Rudolf’s measures alarmed and enraged not only the citizens of Donauwörth but all of the Empire’s Protestant princes and peoples. Whatever their other differences on matters of opinion, doctrine or politics, the princes were united in opposing the breach of those Augsburg principles that suited them, and they therefore decided to form a new protective league – the ‘Evangelical Union’. It came formally into existence in 1608, with Frederick V, Elector of the Palatinate, as its leader.

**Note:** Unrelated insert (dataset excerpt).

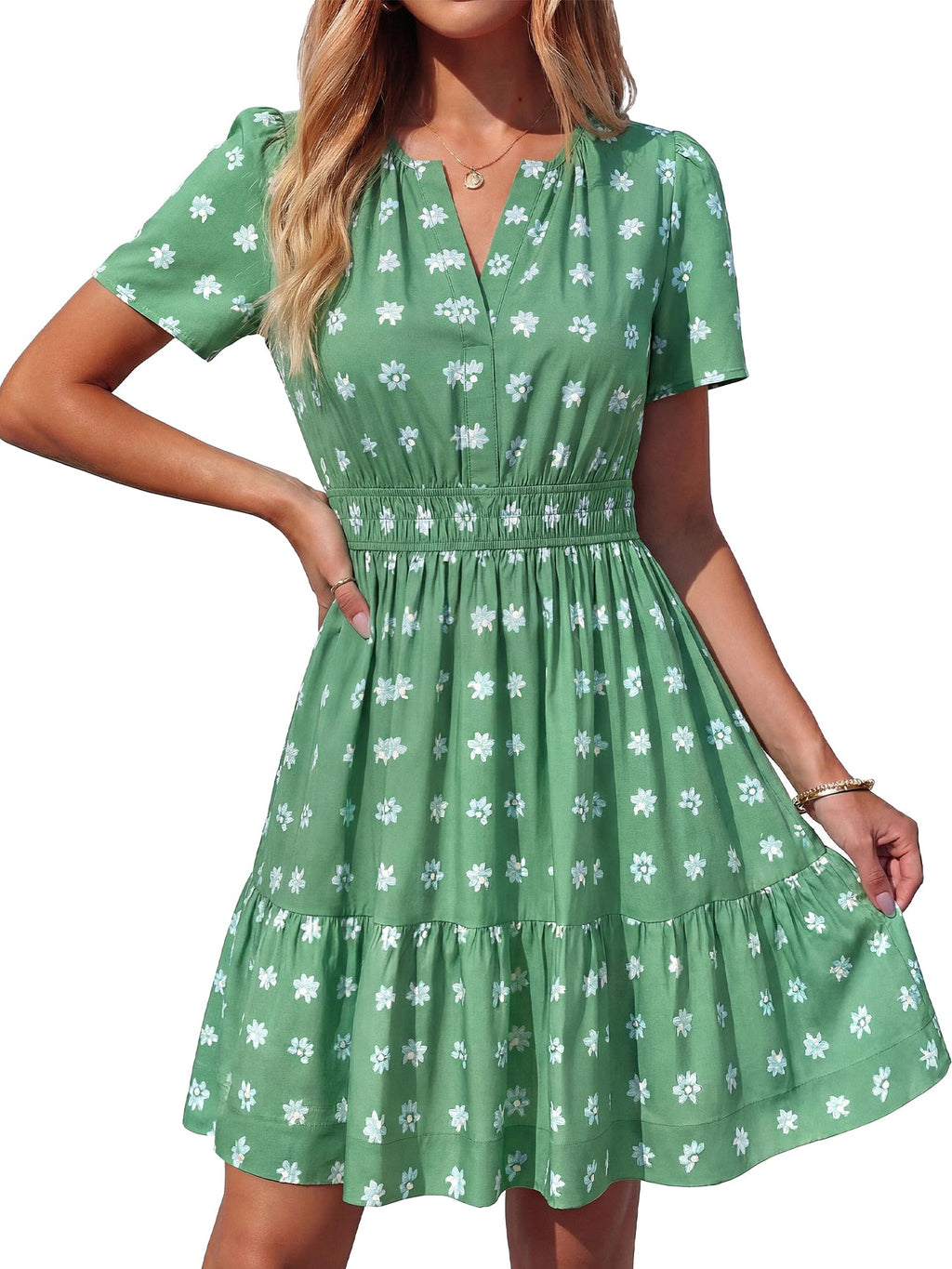 BTFBM Summer Dresses for Women Lightweight Casual Short Sleeve Floral Mini Dress A Line Beach Vacation Sundress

To all outward appearances Frederick V was the natural choice for the role, because he was both an Imperial elector and a Calvinist determined to resist Catholic encroachments. But in fact Frederick was not a good choice. He was hesitant, timid, not very intelligent, and heavily dependent on the opinions of others, not least on his chief counsellor, Christian of Anhalt. Generally speaking, an insufficient ruler lucky enough to have a wise counsellor can leave matters to the latter, and the arrangement works well because the counsellor can, like Teucer behind the shield of Ajax, act all the more effectively for being partly invisible. But alas, Christian was not much more astute than Frederick, and although he had great charm and a large amount of self-confidence, he was not a match for the complexities of the time, which in fact he made worse by his over-ambition.
The electors either of Saxony or of Brandenburg would have been better leaders of the Evangelical Union, but the problem was that the first was a Lutheran and the second a Calvinist, and their dislike of each other was as great as their dislike of Catholics – this was particularly so in the case of Johann-Georg of Saxony’s dislike of Calvinists. Moreover neither of them thought that the threat of a Catholic attempt on Protestant lands and privileges was as serious as Frederick V and others represented it to be.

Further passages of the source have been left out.